Clone repository and run pip uninstall -e . inside the repository directory

Install from repository directly using pip install git+git://github.com/sinkingtitanic/AutoDataCleaner.git#egg=AutoDataCleaner

Quick One-line Usage:

    AutoDataCleaner.clean_me(df, 
                            one_hot=True, 
                            na_cleaner_mode="mean", 
                            normalize=True, 
                            remove_columns=[], 
                            verbose=True)

Example

import pandas as pd
import AutoDataCleaner

df = pd.DataFrame([
                    [1, "Green", 3], 
                    [2, "Blue", 4],
                    [3, "Green", 5], 
                    [4, "Green", None]
                ], columns=['id', 'color', 'weight'])
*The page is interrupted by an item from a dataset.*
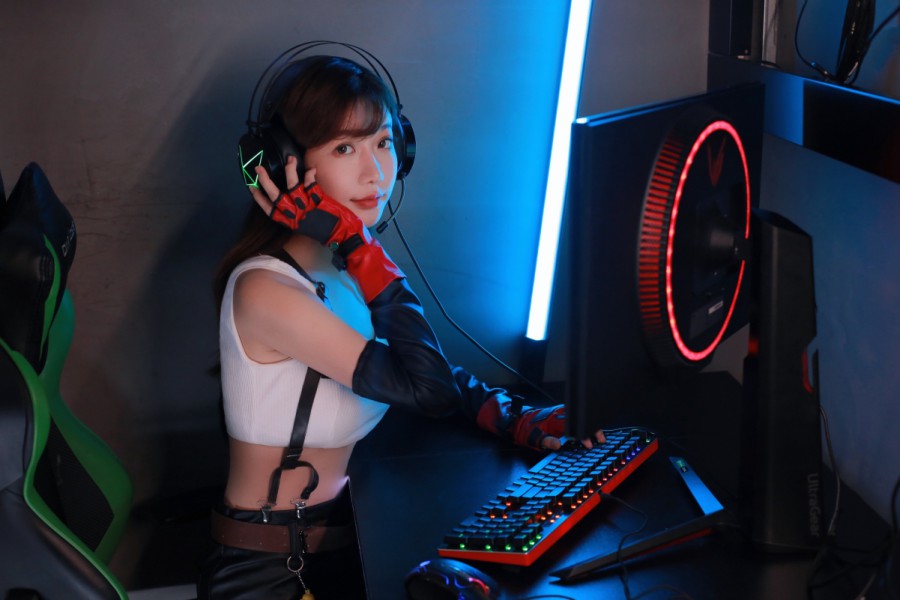 三星Galaxy Z Fold8系列价格曝光 国行或涨千元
AutoDataCleaner.clean_me(df, remove_columns=['id']) # see 'Usage' section for more parameters

Example output:

 +++++++++++++++ DATA CLEANING STARTED ++++++++++++++++ 
 = DataCleaner: Performing One-Hot encoding... 
 = DataCleaner: Performing None/NA/Empty values cleaning... 
 = DataCleaner: Performing dataset normalization... 
 = DataCleaner: Performing removal of unwanted columns... 
 +++++++++++++++ DATA CLEANING FINISHED +++++++++++++++ 
	weight 	color_Blue 	color_Green
0 	-0.855528 	0 	1
1 	-0.475293 	1 	0
2 	-0.095059 	0 	1
3 	1.425880 	0 	0

Explaining Parameters

AutoDataCleaner.clean_me(df, one_hot=True, na_cleaner_mode="mean", normalize=True, remove_columns=[], verbose=True)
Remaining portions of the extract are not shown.